Tuesday, June 09, 2009

Growing

On looking back at some old notes from a version of the Lanakhidzist Revolution I wrote in the 1980's, I realize how a number of characters who have turned out to be very important had their beginnings as bit characters whose names were tossed off rather casually.

Tikhon Chalkov was just a friend who helped Iosebi Lanakhidze at a key point in one of the early versions of Children's Crusade. There was never any hint of his being unusual in any way, and he never really held any major postings. But when I returned to the story in 2001, he turns out to be an unusually small, fine-boned man -- and as I realized that the Soviet cloning project was far larger than just a few clones of Stalin, I realized who he almost had to be, even if his name didn't follow the usual pattern in the Soviet cloning program of having the same forename as the original. And now he's not only the Minister of Security, but he's also firmly within Iosebi Lanakhidze's inner circle and a major POV character who effects major changes.

In the novel that would become The Steel Breeds True, Sergei Gerasimov was originally the least important of the three brothers, almost an afterthought who hung around on the edges but didn't take part in any of the major action. But when I returned to the novel in 2001, I realized that his name had to be significant, rather than just a cool Russian name -- and I finally knew why he and his brothers had fled the Soviet Union. Suddenly he came to the fore, becoming one of the most important characters in the novel, not to mention a critical link with the Lanakhidzist inner circle, once he recovered his other-memories and accepted his identity.

Amanda Lordsley-Starcastle underwent an even more extensive transformation between a couple of early versions of The Steel Breeds True. In the earliest version in which she appears, she is just "the professor's wife," with little or nothing in the way of characterization beyond being named Amanda. But as the story continued unfolding, I suddenly discovered she was a poet and that she wore her hair in an unusual triple braid from a common root. And then she got to be the star of her own side-story, "She's Leaving Home" (yes, the title is taken from the song by the Beatles) -- although some of the backstory in the current version of The Steel Breeds True is difficult to square with details in it (in particular, there is no mention of Arthur Lordsley's alcoholism, which plays an extensive role in the current versions of both The Steel Breeds True and The Ballad of Katie Hart).

Friday, June 05, 2009

Surprise

Isn't it interesting when a character finally comes clean and tells you the truth about something?

I'd been under the impression that Tisha Chalkov got his leg injury in the line of duty, in some kind of gunfight with a CIA agent. Yet it never quite squared with his having been an interrogator from the beginning of his KGB career.

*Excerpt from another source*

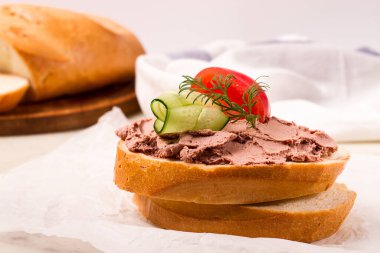 Liver meat pate spread, on white bread, on a light background, breakfast, close-up, no people, selective focus, pasticcio, pastete, clipart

Imagine my surprise when today he finally owned up to it being the result of an ordinary civilian accident. He was going to an outlying KGB office to pick up some papers needed at Lubyanka when the trolley car on which he was riding was struck by a truck driven by a drunk. Apparently he never talked about it, and when he came into prominence during the Lanakhidzist Revolution, someone fabricated a fanciful account of spycraft for an article.